## Work instructions
The output consists only of the lines from the one with "Salvage Jeep Patriot" through the end of the records, each printed exactly, and contains no pictures.

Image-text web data
§

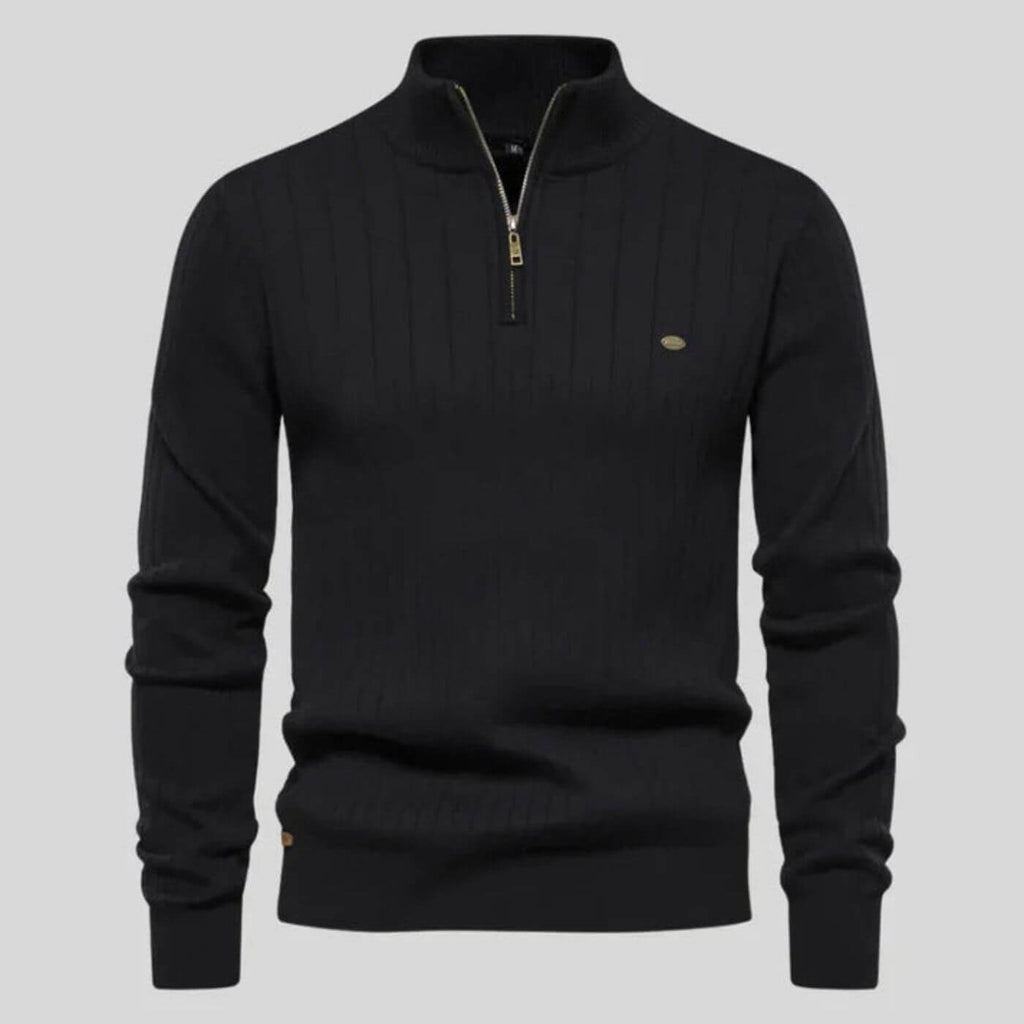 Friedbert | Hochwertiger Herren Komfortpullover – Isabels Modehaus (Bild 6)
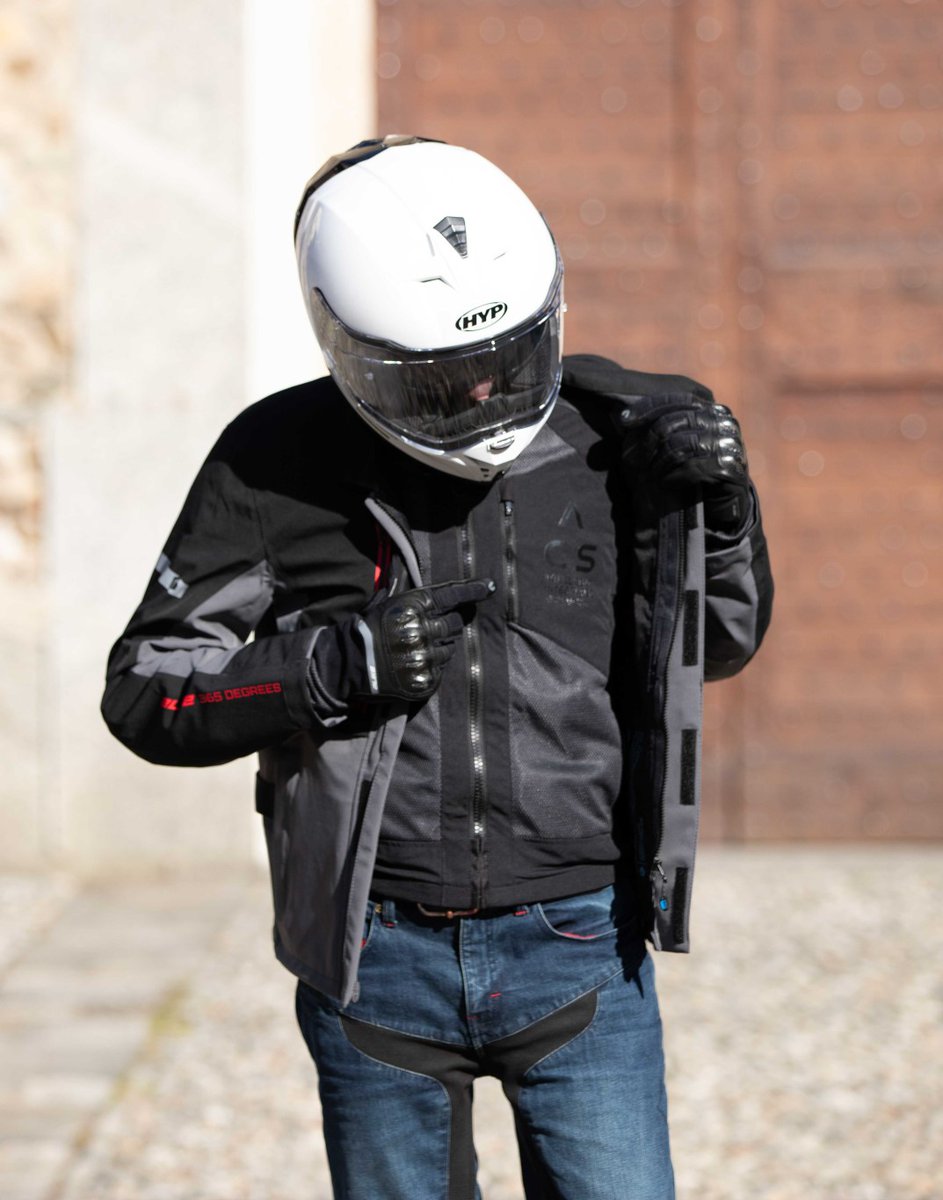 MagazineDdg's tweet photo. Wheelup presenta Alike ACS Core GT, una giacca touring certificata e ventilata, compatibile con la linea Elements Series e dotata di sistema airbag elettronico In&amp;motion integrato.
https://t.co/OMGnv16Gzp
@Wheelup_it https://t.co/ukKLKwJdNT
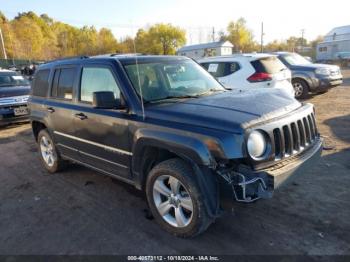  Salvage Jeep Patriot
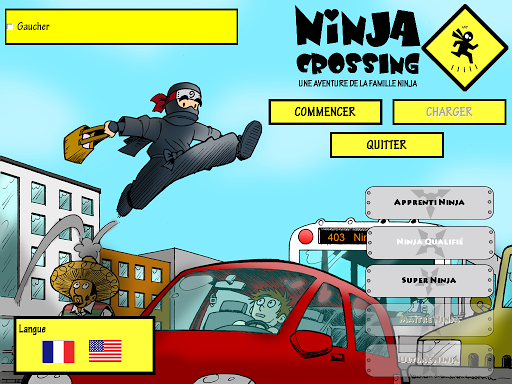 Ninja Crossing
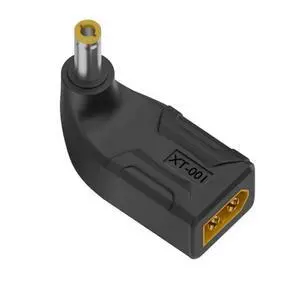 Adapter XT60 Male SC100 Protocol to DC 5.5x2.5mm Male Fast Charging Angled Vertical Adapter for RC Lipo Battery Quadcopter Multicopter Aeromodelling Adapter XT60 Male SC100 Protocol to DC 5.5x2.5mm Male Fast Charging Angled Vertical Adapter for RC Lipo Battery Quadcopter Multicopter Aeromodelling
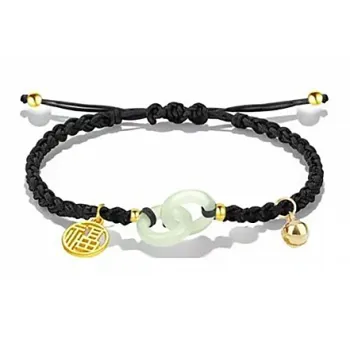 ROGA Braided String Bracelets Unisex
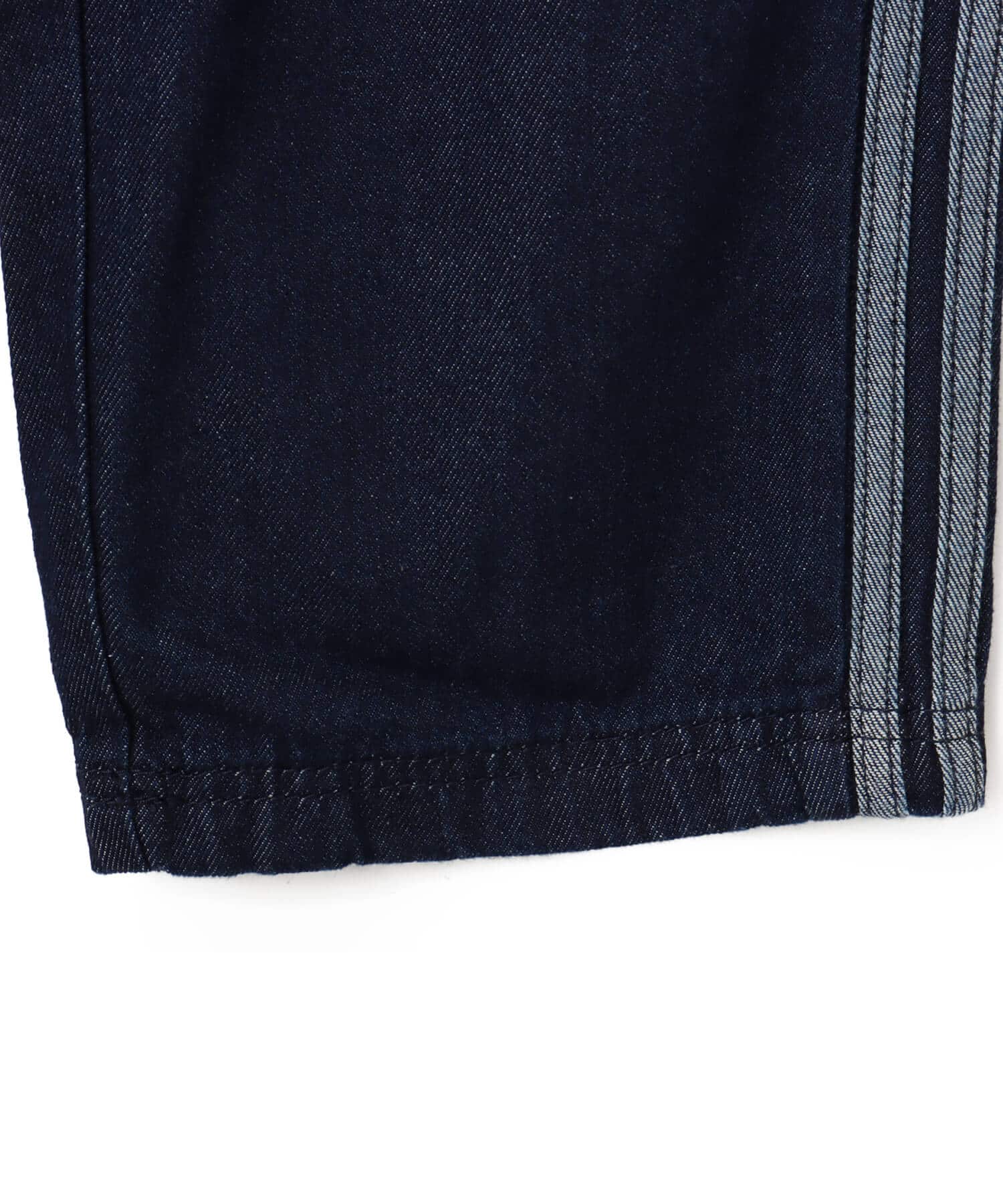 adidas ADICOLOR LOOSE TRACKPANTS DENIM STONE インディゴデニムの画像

§

## Problem solution
  Salvage Jeep Patriot
 Ninja Crossing
 Adapter XT60 Male SC100 Protocol to DC 5.5x2.5mm Male Fast Charging Angled Vertical Adapter for RC Lipo Battery Quadcopter Multicopter Aeromodelling Adapter XT60 Male SC100 Protocol to DC 5.5x2.5mm Male Fast Charging Angled Vertical Adapter for RC Lipo Battery Quadcopter Multicopter Aeromodelling
 ROGA Braided String Bracelets Unisex
 adidas ADICOLOR LOOSE TRACKPANTS DENIM STONE インディゴデニムの画像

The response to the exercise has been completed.